Walk SF, joining forces with Senior and Disability Action, Independent Living Resource Center, and the Mayor’s Office on Disability then successfully advocated for “five-point plan” to improve safety for vulnerable road users, which included “leading pedestrian intervals” that give people walking a safe head start to cross the street before vehicles get the green light.

It remained clear, however, that for Market Street to be safe, cars needed to go. So advocates continued to organize and push for approval of a plan that would not only add separated bike lanes, safer crossings, and better sidewalks, but would also prohibit private cars altogether.

The grassroots movement that has coalesced around getting cars off Market Street was on full display last October ahead of the unanimous vote by the County Board of Supervisors to ban private cars from the street.

Even so, the removal of private cars from Market Street is just another incremental step toward improving the thoroughfare, which will get physically protected bike lanes and other infrastructure improvements in the near future.

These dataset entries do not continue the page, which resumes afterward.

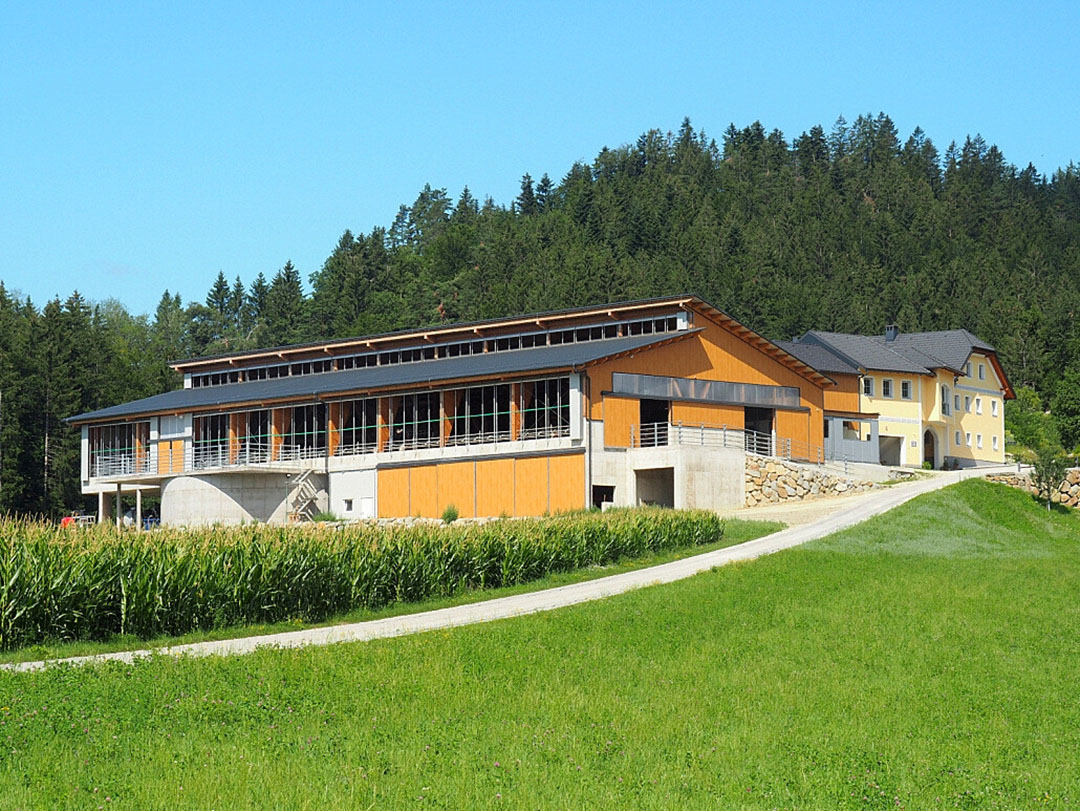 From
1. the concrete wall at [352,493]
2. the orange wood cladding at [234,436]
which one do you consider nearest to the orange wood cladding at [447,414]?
the concrete wall at [352,493]

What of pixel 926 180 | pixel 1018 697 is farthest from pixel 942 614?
pixel 926 180

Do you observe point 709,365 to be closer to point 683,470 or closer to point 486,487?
point 683,470

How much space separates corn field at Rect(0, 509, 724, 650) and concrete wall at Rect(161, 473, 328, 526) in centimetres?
2402

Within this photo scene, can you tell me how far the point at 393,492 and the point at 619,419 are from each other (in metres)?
10.3

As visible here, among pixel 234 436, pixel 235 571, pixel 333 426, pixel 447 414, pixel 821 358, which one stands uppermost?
pixel 821 358

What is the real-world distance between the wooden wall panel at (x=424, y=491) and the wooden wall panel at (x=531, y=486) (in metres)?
3.86

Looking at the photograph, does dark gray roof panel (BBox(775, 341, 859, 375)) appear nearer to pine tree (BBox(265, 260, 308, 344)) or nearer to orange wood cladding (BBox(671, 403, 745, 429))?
orange wood cladding (BBox(671, 403, 745, 429))

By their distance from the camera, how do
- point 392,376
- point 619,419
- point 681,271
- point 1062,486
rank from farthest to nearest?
point 681,271, point 392,376, point 1062,486, point 619,419

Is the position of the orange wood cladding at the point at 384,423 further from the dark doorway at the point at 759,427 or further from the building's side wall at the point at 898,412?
the building's side wall at the point at 898,412

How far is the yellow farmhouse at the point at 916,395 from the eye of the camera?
2549 inches

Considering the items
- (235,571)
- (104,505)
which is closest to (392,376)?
(104,505)

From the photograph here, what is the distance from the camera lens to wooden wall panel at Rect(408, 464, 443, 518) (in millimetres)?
49469

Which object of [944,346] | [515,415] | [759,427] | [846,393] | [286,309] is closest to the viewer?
[515,415]

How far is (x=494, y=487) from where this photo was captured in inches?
1884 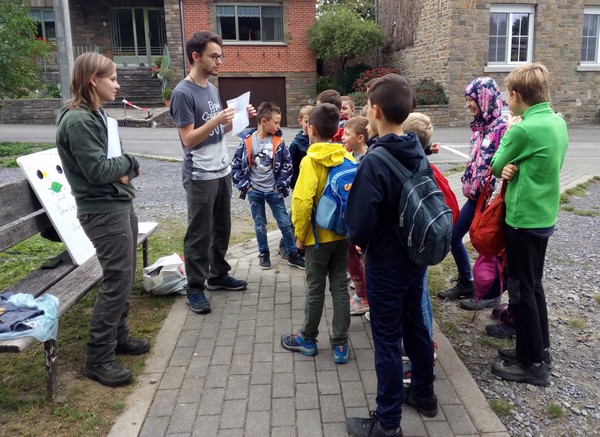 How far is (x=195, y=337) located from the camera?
3.95 metres

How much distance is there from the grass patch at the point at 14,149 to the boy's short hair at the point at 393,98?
34.8 ft

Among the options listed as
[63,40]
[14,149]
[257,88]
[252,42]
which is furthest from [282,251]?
[252,42]

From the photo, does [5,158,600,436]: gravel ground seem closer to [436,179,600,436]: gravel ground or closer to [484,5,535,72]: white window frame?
[436,179,600,436]: gravel ground

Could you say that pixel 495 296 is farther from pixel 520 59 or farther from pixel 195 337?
pixel 520 59

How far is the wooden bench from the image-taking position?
360 cm

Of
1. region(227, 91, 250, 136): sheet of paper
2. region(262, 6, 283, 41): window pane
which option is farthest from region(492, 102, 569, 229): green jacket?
region(262, 6, 283, 41): window pane

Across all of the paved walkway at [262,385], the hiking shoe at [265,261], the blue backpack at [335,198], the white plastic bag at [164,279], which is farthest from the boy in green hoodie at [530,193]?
the white plastic bag at [164,279]

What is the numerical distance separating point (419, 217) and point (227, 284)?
2600 millimetres

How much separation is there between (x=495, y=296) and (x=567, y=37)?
18.5 meters

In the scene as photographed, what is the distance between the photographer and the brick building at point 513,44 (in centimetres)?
1874

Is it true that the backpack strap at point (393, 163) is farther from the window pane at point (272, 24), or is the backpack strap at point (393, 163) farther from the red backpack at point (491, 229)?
the window pane at point (272, 24)

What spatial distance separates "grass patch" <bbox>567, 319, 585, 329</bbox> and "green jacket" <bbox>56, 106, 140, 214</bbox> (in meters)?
3.40

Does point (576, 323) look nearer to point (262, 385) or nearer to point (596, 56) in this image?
point (262, 385)

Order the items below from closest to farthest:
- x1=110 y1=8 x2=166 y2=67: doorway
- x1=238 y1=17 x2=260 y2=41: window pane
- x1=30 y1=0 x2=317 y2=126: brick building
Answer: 1. x1=30 y1=0 x2=317 y2=126: brick building
2. x1=238 y1=17 x2=260 y2=41: window pane
3. x1=110 y1=8 x2=166 y2=67: doorway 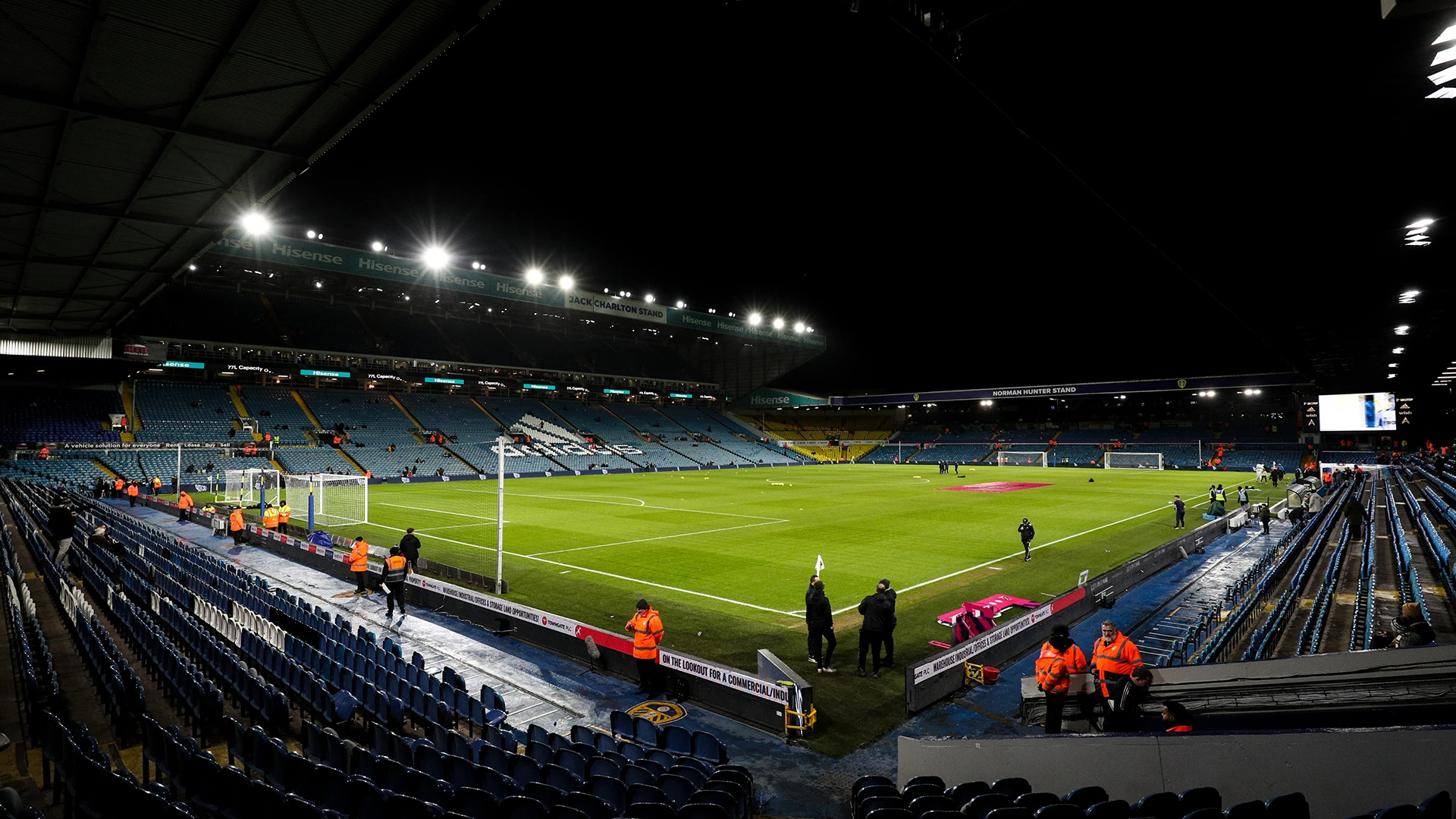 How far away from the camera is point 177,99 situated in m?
10.0

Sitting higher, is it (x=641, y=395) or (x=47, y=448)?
(x=641, y=395)

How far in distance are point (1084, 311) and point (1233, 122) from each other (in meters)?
47.6

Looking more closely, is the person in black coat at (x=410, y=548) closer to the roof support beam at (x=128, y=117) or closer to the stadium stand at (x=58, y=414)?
the roof support beam at (x=128, y=117)

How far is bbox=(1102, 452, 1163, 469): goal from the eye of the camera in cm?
6894

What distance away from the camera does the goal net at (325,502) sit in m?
28.3

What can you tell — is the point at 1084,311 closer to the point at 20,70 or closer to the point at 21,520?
the point at 20,70

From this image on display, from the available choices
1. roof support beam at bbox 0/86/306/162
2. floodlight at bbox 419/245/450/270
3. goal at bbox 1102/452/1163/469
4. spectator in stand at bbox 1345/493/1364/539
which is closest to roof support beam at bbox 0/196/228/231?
roof support beam at bbox 0/86/306/162

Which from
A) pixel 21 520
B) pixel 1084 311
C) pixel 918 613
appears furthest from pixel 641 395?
pixel 918 613

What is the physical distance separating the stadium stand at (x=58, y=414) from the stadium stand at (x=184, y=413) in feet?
5.79

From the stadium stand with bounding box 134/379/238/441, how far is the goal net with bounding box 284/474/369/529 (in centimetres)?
2116

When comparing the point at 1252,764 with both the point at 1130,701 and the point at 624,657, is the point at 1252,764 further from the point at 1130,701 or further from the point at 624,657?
the point at 624,657

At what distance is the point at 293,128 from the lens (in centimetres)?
1129

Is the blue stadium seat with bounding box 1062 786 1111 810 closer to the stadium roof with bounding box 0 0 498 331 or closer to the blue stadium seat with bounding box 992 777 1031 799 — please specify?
the blue stadium seat with bounding box 992 777 1031 799

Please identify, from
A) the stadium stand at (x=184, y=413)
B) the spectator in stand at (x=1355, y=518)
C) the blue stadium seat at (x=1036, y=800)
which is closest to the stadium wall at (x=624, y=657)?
the blue stadium seat at (x=1036, y=800) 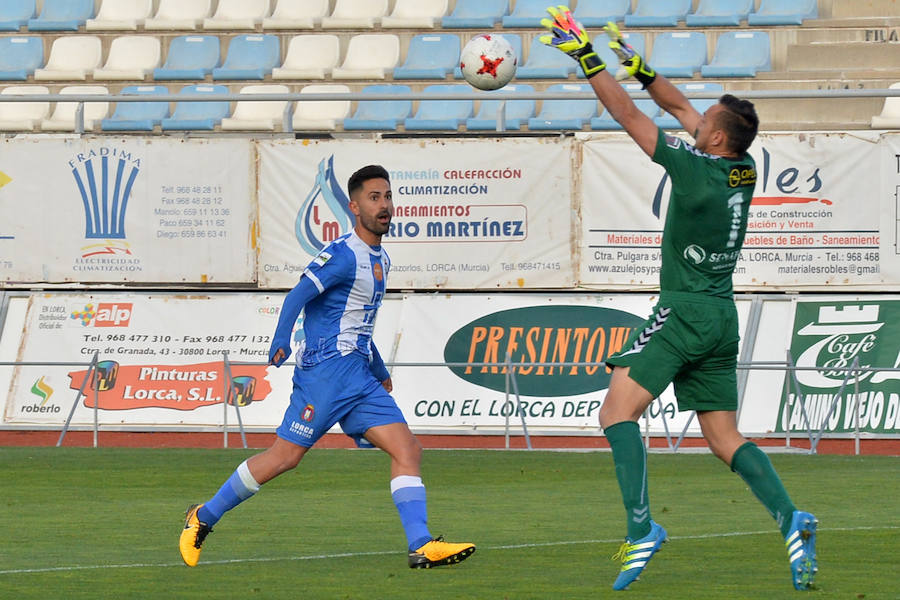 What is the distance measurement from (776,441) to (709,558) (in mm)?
9963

And, now, amidst the excitement and fanfare of a car-free Market Street, there is talk about which street this once-absurd idea might come to next, such as JFK Drive in Golden Gate Park. According to the City’s Vision Zero plan, 75 percent of severe and fatal crashes occur on only 13 percent of San Francisco’s streets. And, the majority of those streets are in communities of concern where people are more likely to be dependent on non-car modes of transportation.

Supporting the Advocates Who Make This Happen

If you want to know more about the organizations fighting for safer streets in San Francisco, look at the Vision Zero coalition, which has some 40 community-based organizations, and the Vision Zero task force.

Also, don’t forget to support organizations like Walk SF and the SF Bicycle Coalition as it takes time and resources — and many volunteer hours — to advocate for safer streets for all.

While we are celebrating the hard work of the groups and the people who made Better Market Street happen, at Spin we are also thinking about how we can help advocate on the ground in other communities win their fights for safer streets in their neighborhoods. It is the people who walk, roll, or take transit on their streets that know best what needs to be done to make them safer. That’s the assumption behind our Spin Streets program in general and specifically, our Mobility Data for Safer Streets initiative: one of the best ways we can help change streets for the better is to put the tools in the hands of the people on the ground doing the work to make their communities safer and more sustainable.

That data can help move the conversation. It certainly did during the decade-long push to get cars off of Market Street. Hopefully this marks the beginning of a paradigm shift in San Francisco, one that started with the need to fill potholes on the city’s most-traveled street.